Date: Sun, 21 Nov 1999 17:26:51 -0800

Anniken Davenport wrote:

On the other hand, I fear whether the average citizen (here or elsewhere in the world) has the analytic ability and historical perspective to critically evaluate propaganda for what it is. This was brought home to me recently when the student newspaper at the small liberal arts college where I teach began debating whether they should run an "advertorial" by Bradley Smith and his so-called Committee on Open Debate of the Holocaust. Should the paper publish it and open the debate, trusting the readership has the ability to recognize a ridiculous claim for what it is? Or should the "ad" be rejected for publication? The paper's apparent solution is to take a poll of the readership before deciding on a course of action.
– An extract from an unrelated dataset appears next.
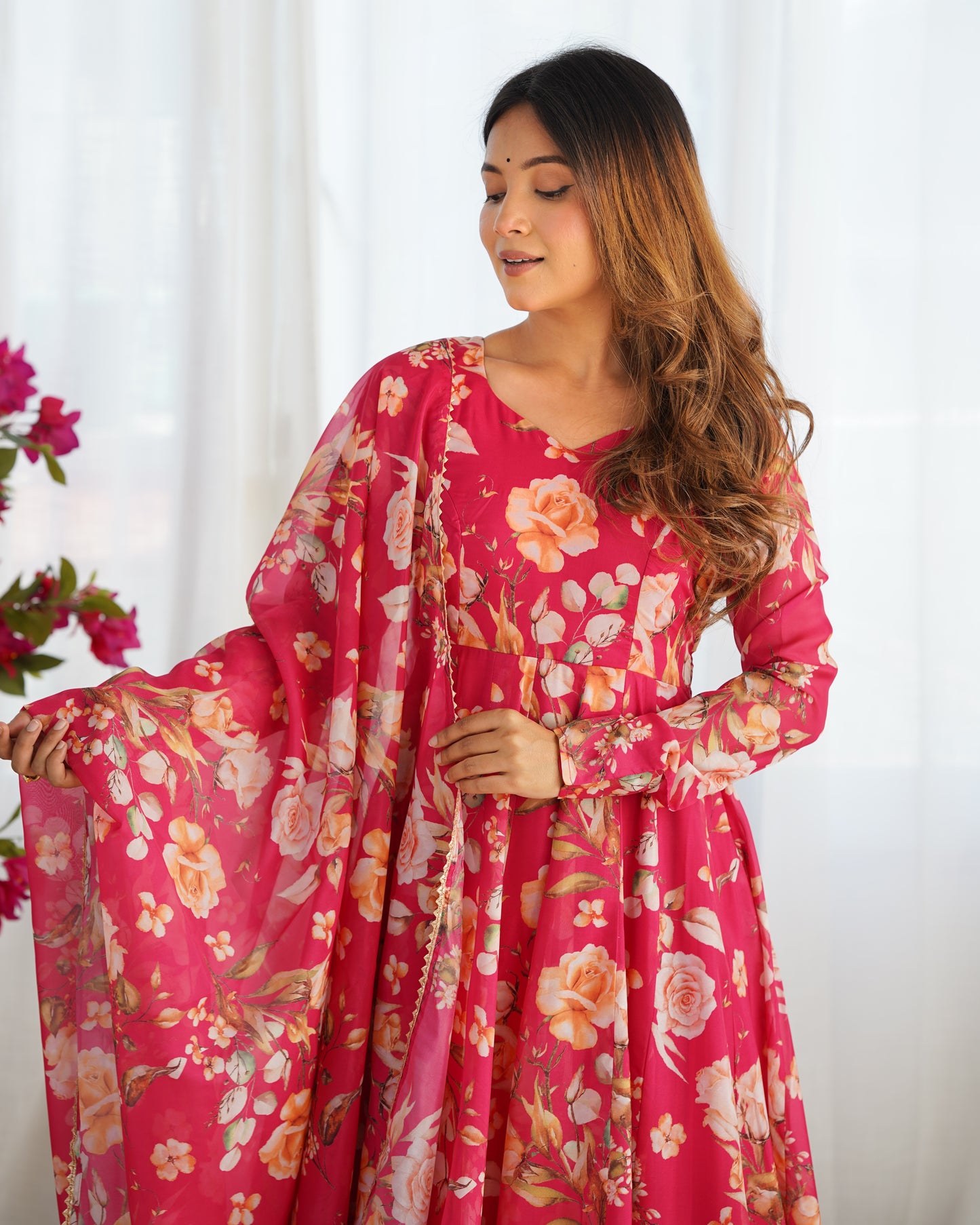 Fabulous Pink Pure Organza Silk Floral Printed Anarkali Pant Suit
It strikes me as itself ridiculous (and cowardly) to be afraid of the ridiculous. I have heard far-off echoes of this banging at the doors and I do wonder if it won't get louder the longer it doesn't go away all by itself. People who are uninformed are naturally curious to know what the noise is about. I think the editors should take the "advertorial" (whatever that is) and accept some responsibilty for beginning to smarten up the public level of discourse after decades of dumbing it down.

This may have been debated exhaustively on list, and if so, pardon my late-comer remarks.... By calling the Revisionists "Deniers" one draws attention to oneself as a "Believer" - since one cannot deny a fact, only a claim, or a faith.
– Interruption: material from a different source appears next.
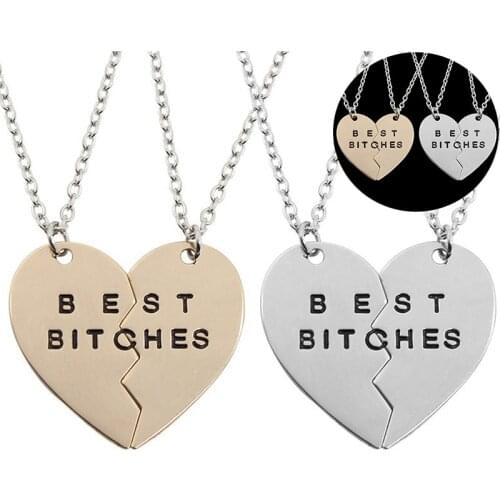 Best Friends Beautiful Pendant Necklace Best BFF Forever Chain Broken Heart Gift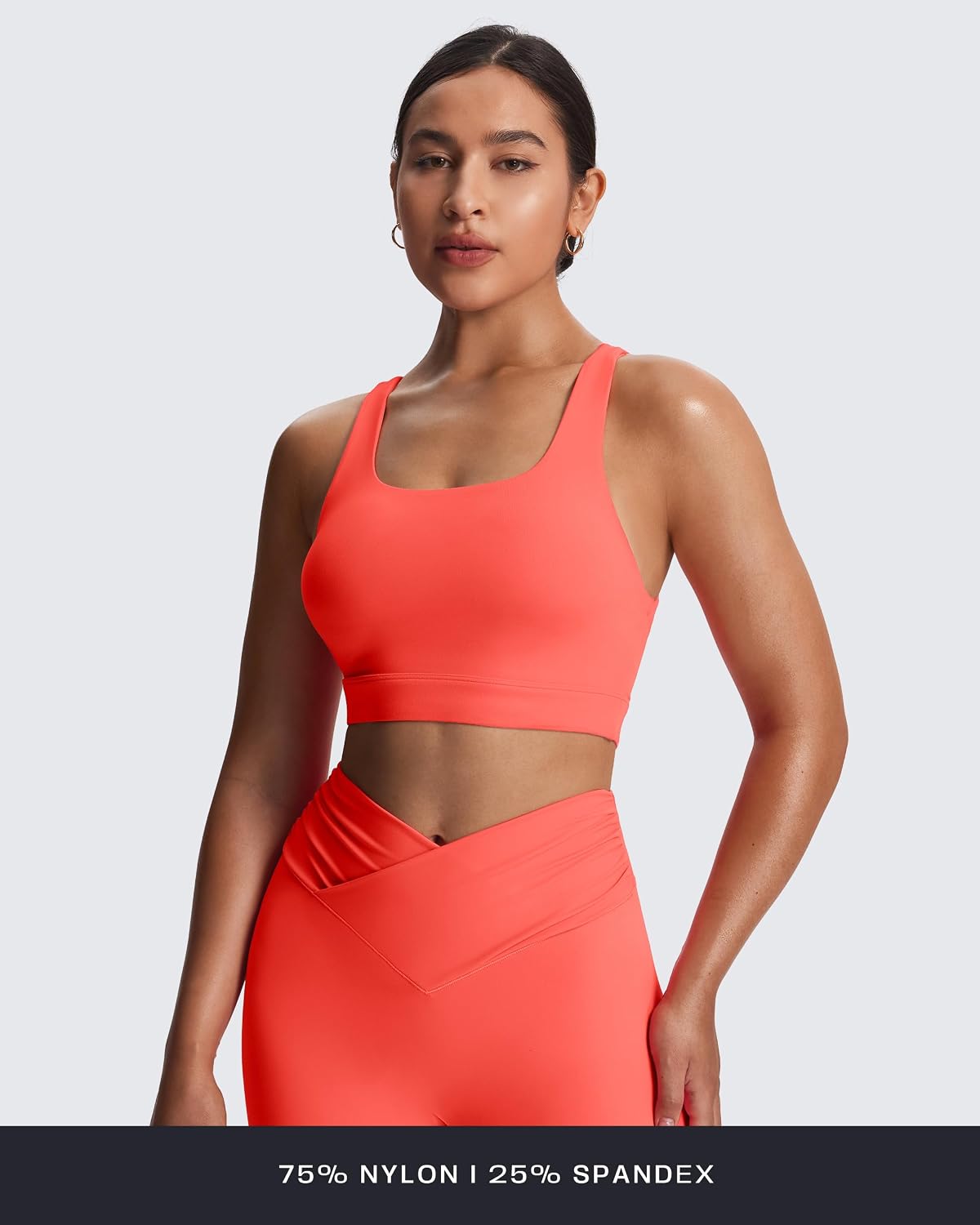Women's Khloe High Impact Sports Bra | unique racerback, elegant square neck, support & versatile, workout fitness training gym yoga crop tank, moisture-wicking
You can dispute a fact, but you cannot deny it. By using the verb deny, one calls in question the linguistic suitability of "fact". I suspect that this ensconcement, this refusal to fight in public, may be seen to betray uncertainty and doubt.

A while ago Prof. [Deborah] Lipstadt explained her refusal to debate with Deniers by saying: "Would YOU debate with a Flat-Earther?" She may not have realised that her very indignation and the intemperate nature of her emotions could lay her listeners open to wondering if she were not the Flat-Earther. That's just an observation on how people read between the lines.